Tough Injectable Hydrogels by Combining Elastic and Energy Dissipation

Hydrogels closely resemble living tissues, featuring a classical three-dimensional (3D) network structure composed of a hydrophilic polymer network and surrounding water-based fillers. This bionic resemblance has led to the development of hydrogels for numerous biomedical applications. Among these, injectable hydrogel systems have attracted significant attention due to their ease of operation, efficient encapsulation viability, minimal invasiveness, and enhanced patient compliance. However, injectable hydrogels have long been considered mechanically weak and challenging to meet the requirements of biological applications under load-bearing conditions. The objective of this study is to develop tough injectable hydrogel systems without compromising their biocompatibility. Chapter One introduces the raw materials and in situ crosslinking methods for injectable hydrogels, and the universal hydrogel toughening design including elastic maintenance and mechanical energy dissipation.
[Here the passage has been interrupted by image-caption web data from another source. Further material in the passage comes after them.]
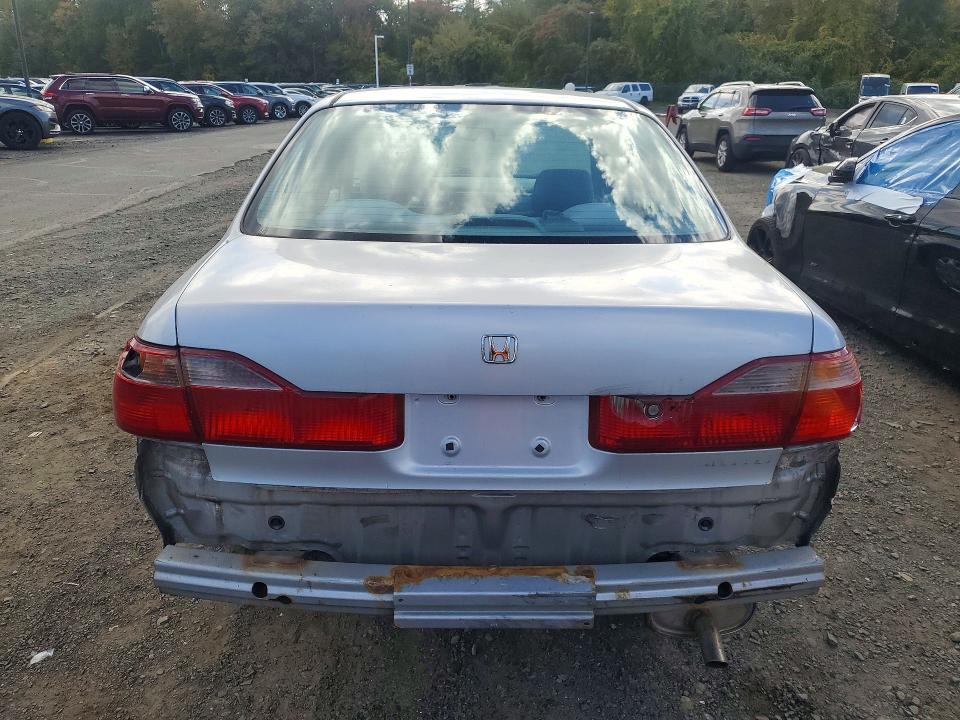 71595156 :رقم المزاد ، 1HGCF8643XA157113 vin ، 1999 Honda Accord مزاد بيع
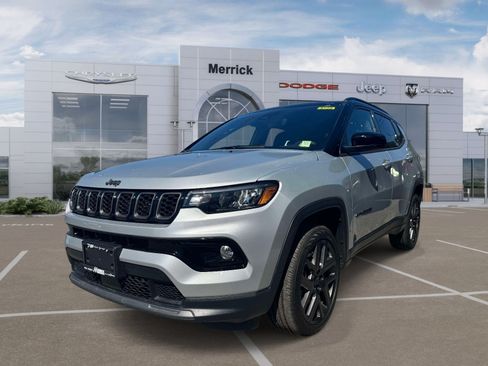 Used 2026 Jeep Compass Limited AWD/4WD image 4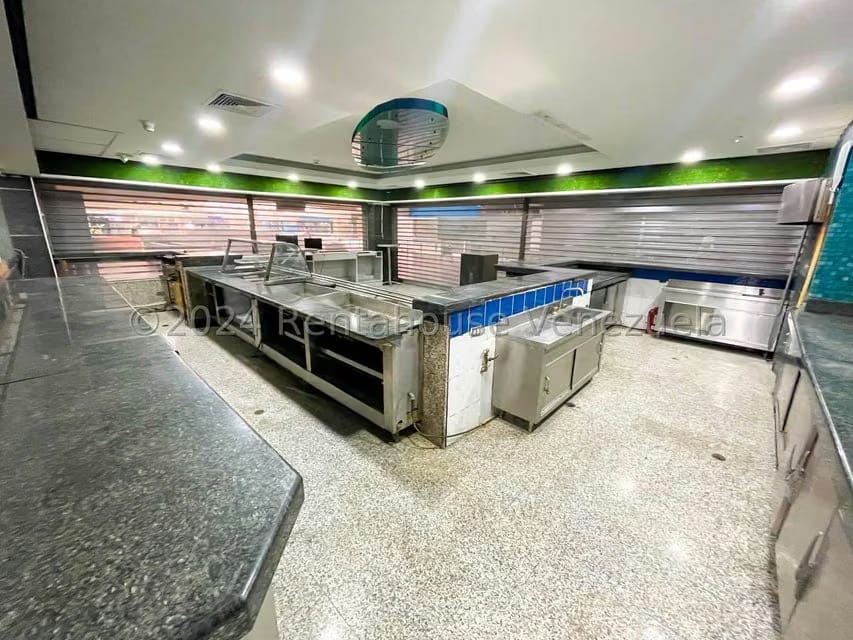 Comercial (Local Comercial) en Alquiler en Los Palos Grandes, Distrito Metropolitano - 5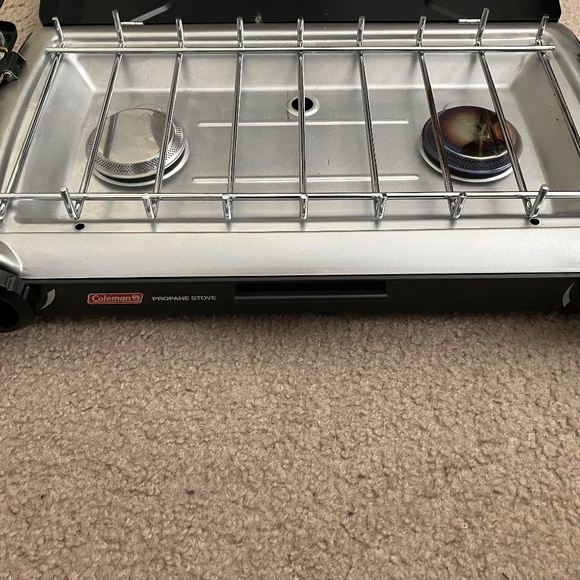 Coleman Perfect Flow 2 Burner Stove - Picture 5 of 5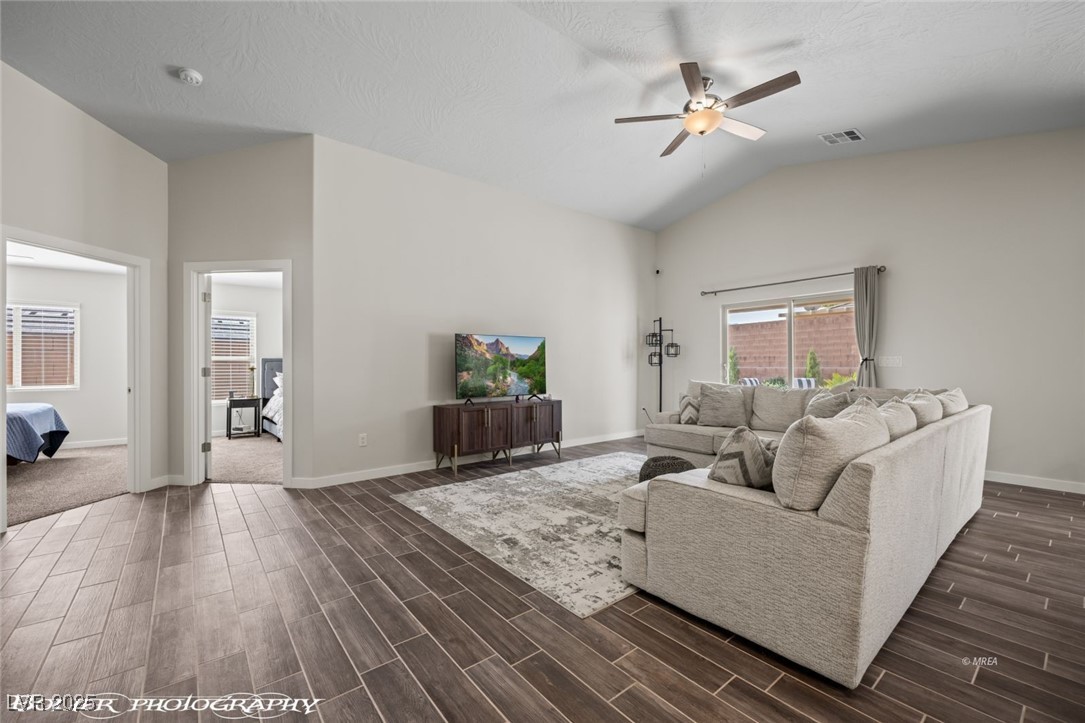 942 Shadow Hawk Ridge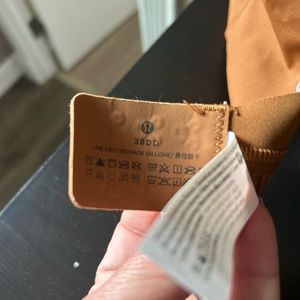 Lululemon sports bra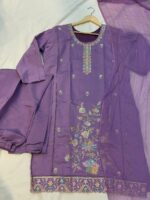 Lavender Bloom–Exquisite Hand-Embroidered Shalwar Kameez Set - Image 2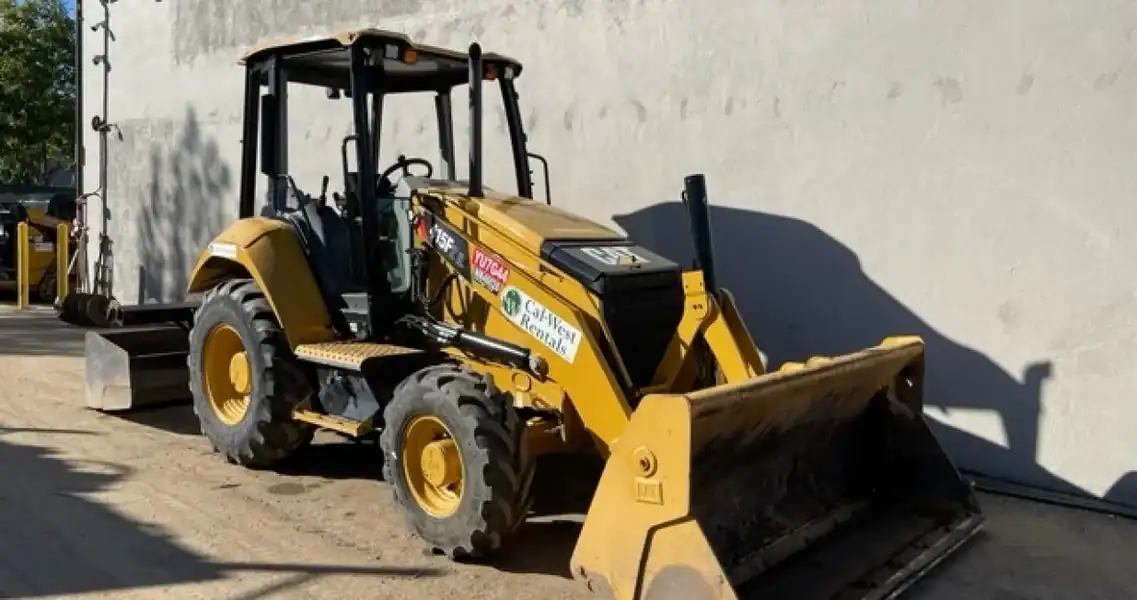 Bagerista doživio nesreću na radu, preminuo na putu za bolnicu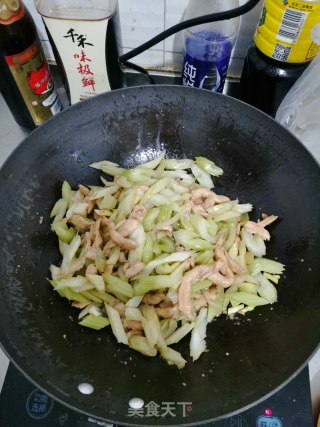 芹菜炒鸡丝的做法步骤：4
It also proposes combining mechanisms and guides the design of hydrogels with improved mechanical properties through biomimetic structuring and multi-scale collaboration, for diverse clinical applications. Chapter Two presents a single network (SN) injectable hydrogel with enhanced toughness, featuring a rigid and homogeneous hyaluronic acid (HA) framework linked by polyethylene glycol (PEG) flexible long chains. This structure design increases compressive stress by 7 times and toughness by 4 times compared to conventional SN hydrogels. Chapter Three presents a thermo-entangled injectable hydrogel with high toughness, formed by self-assembly of diacrylated F127 (F127-DA) and crosslinked with HA framework via Thiol-ene Michael addition. It achieves a compressive strength of 9.08 MPa and toughness of 753 kJ/m³. Chapter Four investigates an acid-triggered double network (DN) injectable hydrogel. The first HA network forms via Thiol-ene Michael addition, while the second sodium alginate (SA) network is crosslinked by Ca2+ from acid-dissolvable hydroxyapatite (HAp) nanoparticles. This results in a 3-fold increase in compressive strength and 2.5-fold increase in toughness compared to normal DN hydrogels, with improved resistance to fatigue, swelling, and degradation. Chapter Five summarises the research findings and discusses future directions for the development of tough injectable hydrogels.